Transcribe, starting at the line with "Image - petrol lighter lighter flame old" and ending at the line with "Video: Laskuvarjohyppääjän alastulo", every line of the material below exactly, but leave out the pictures and anything outside that span.

▸ **Data**
- - -

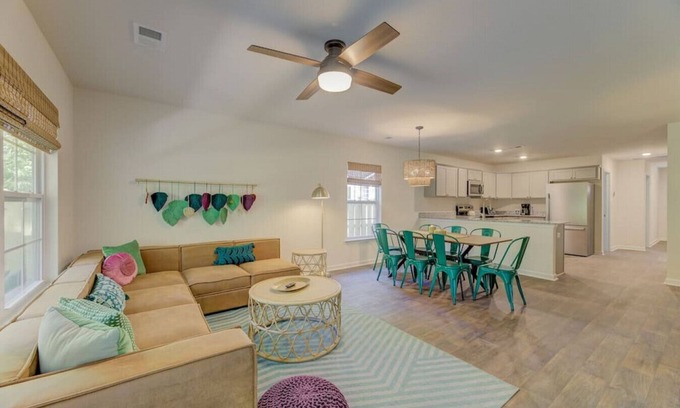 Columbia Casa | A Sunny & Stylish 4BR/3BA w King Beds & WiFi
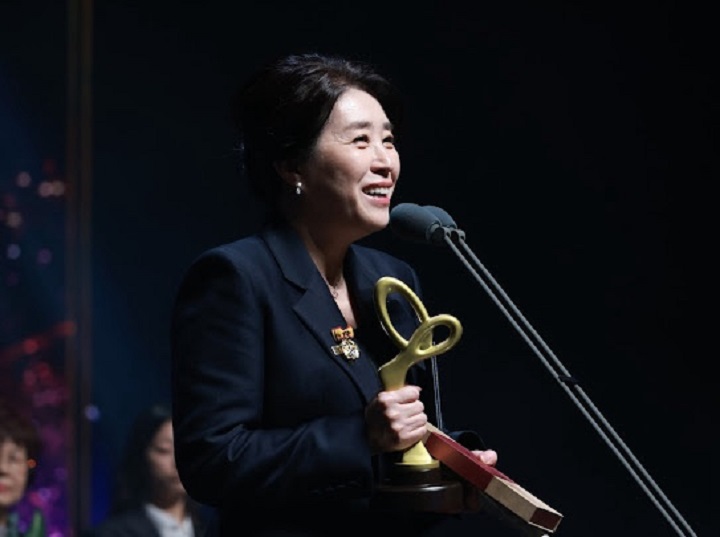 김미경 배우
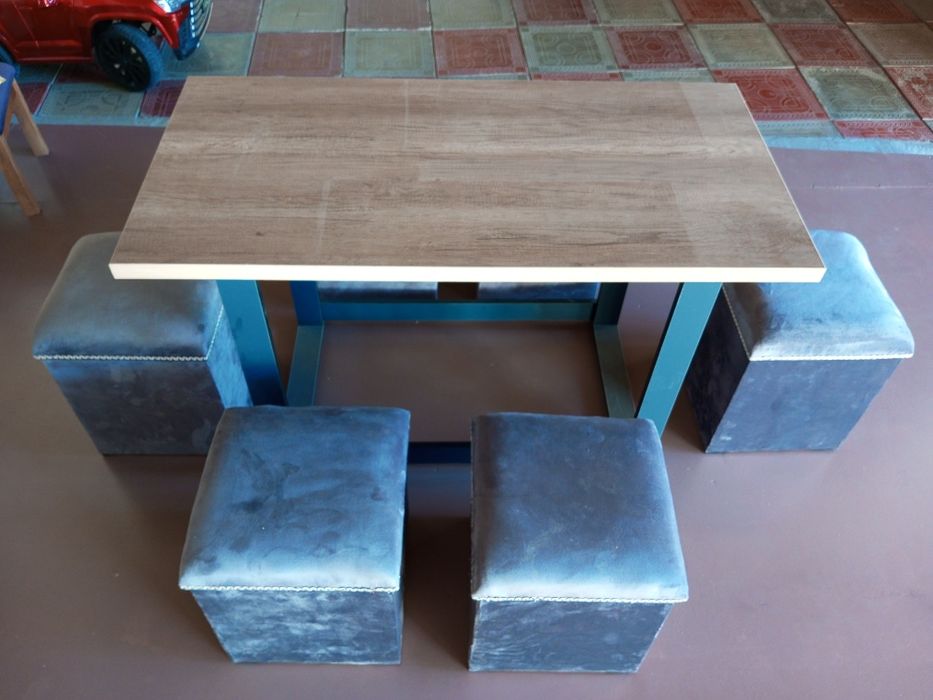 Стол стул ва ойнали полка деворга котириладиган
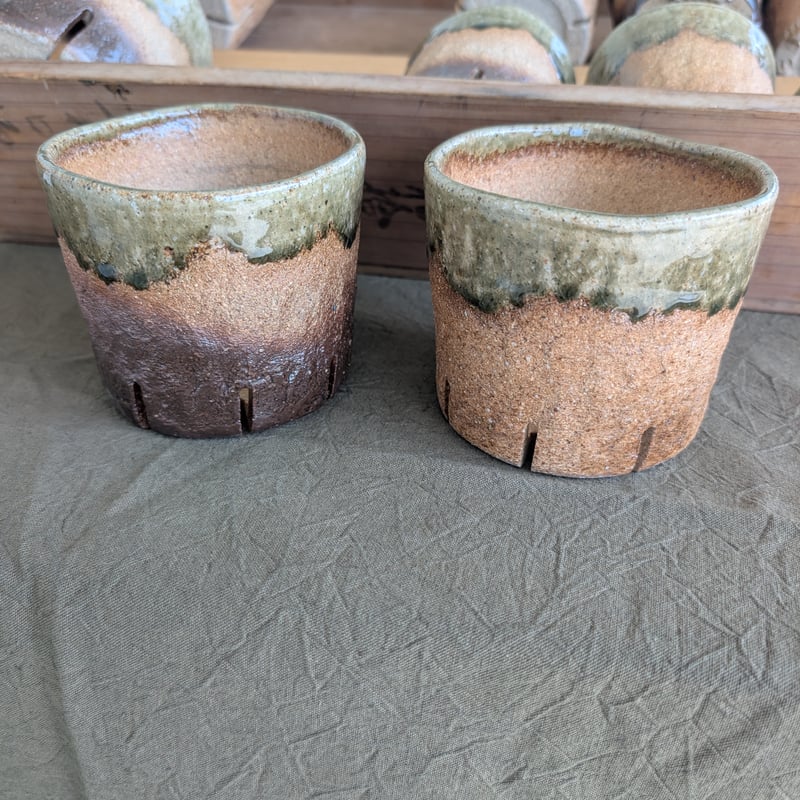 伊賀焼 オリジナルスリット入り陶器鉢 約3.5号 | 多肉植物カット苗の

- - -

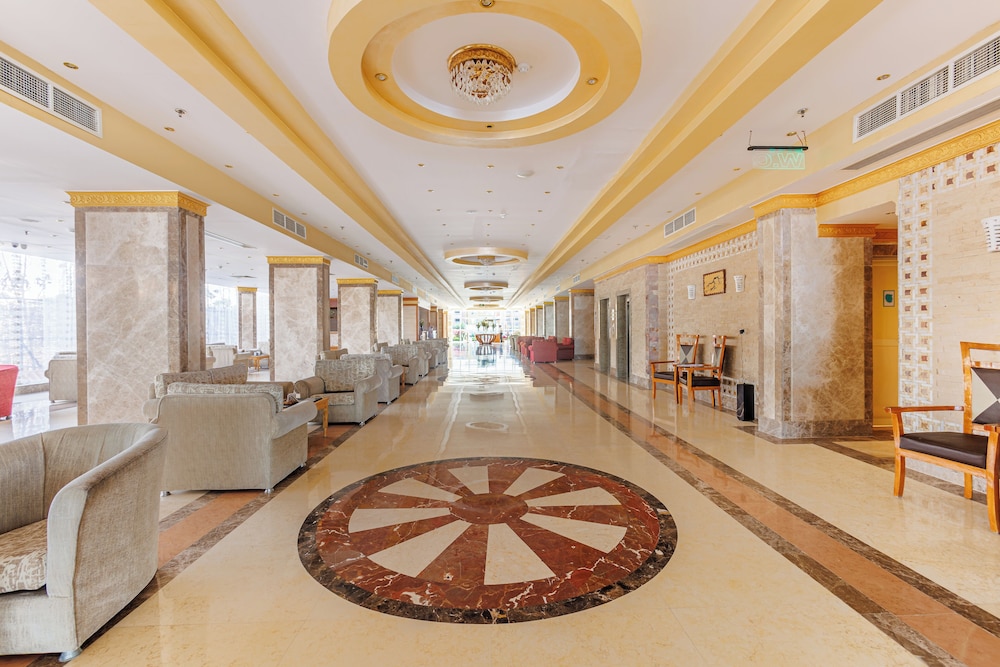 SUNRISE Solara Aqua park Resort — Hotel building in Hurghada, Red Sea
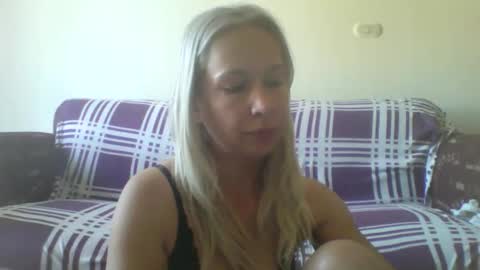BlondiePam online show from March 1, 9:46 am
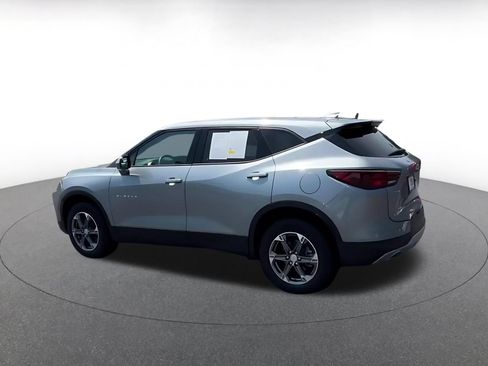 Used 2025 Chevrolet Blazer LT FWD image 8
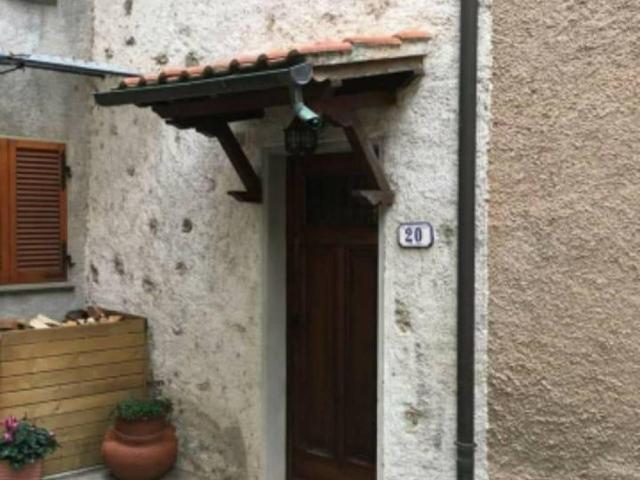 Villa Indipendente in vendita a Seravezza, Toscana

- - -

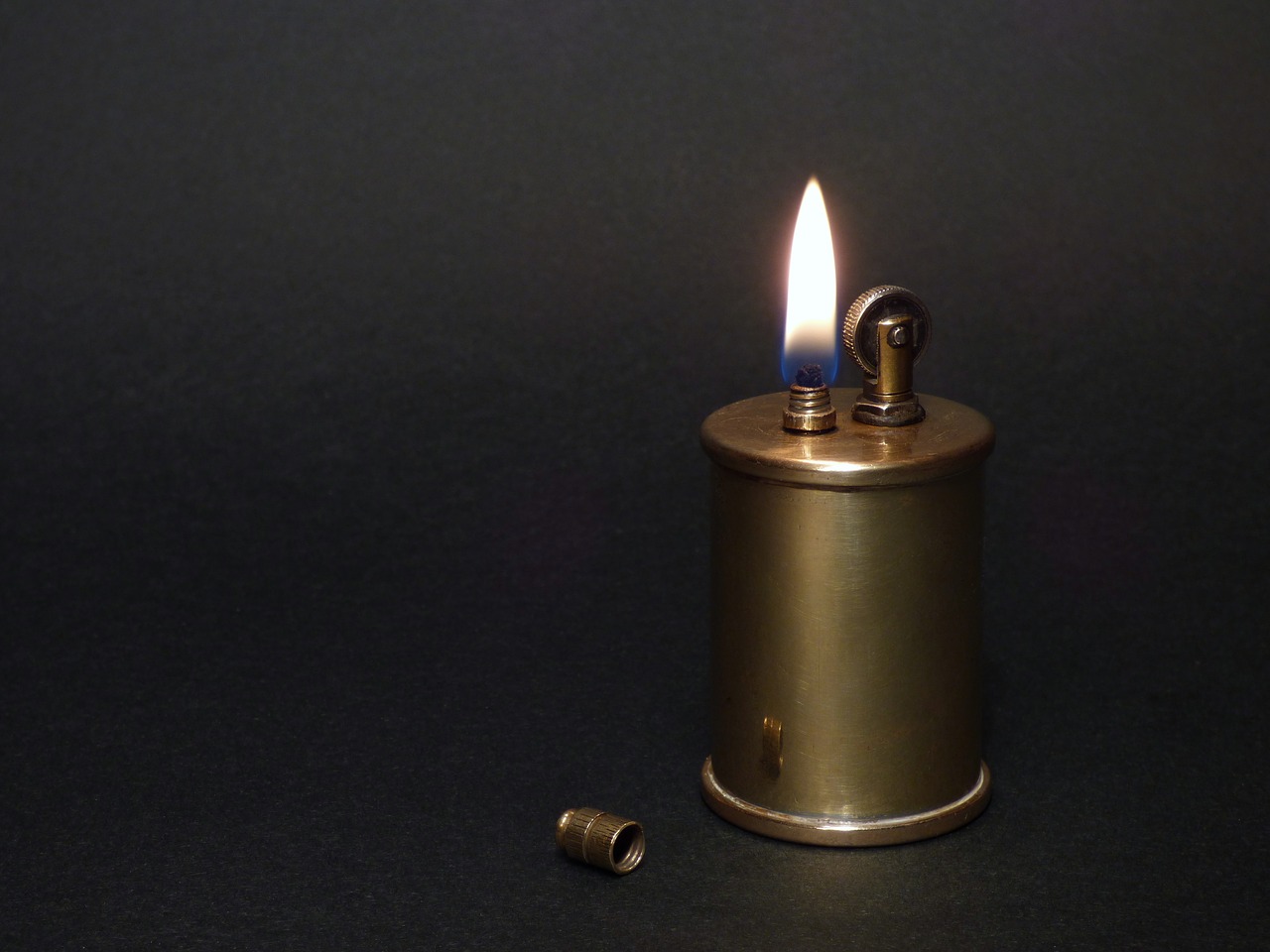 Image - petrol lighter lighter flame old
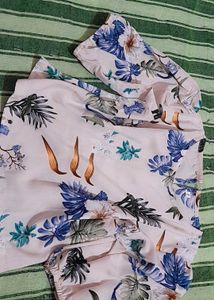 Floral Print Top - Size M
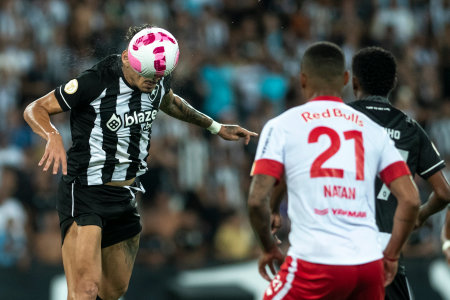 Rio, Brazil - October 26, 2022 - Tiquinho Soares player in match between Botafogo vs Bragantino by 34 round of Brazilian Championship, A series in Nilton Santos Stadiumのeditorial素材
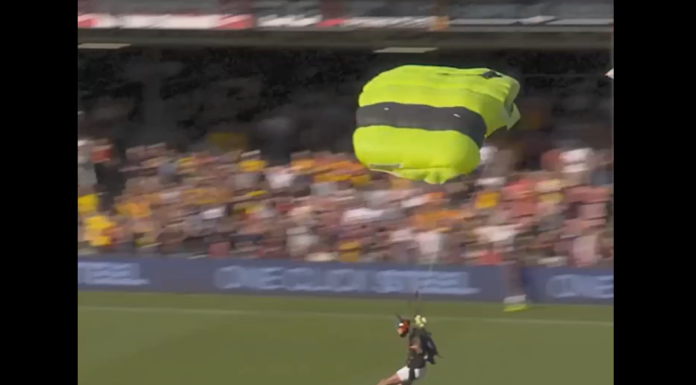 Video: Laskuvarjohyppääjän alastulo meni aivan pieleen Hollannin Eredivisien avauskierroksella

- - -

▸ **Expected answer**
 Image - petrol lighter lighter flame old
 Floral Print Top - Size M
 Rio, Brazil - October 26, 2022 - Tiquinho Soares player in match between Botafogo vs Bragantino by 34 round of Brazilian Championship, A series in Nilton Santos Stadiumのeditorial素材
 Video: Laskuvarjohyppääjän alastulo meni aivan pieleen Hollannin Eredivisien avauskierroksella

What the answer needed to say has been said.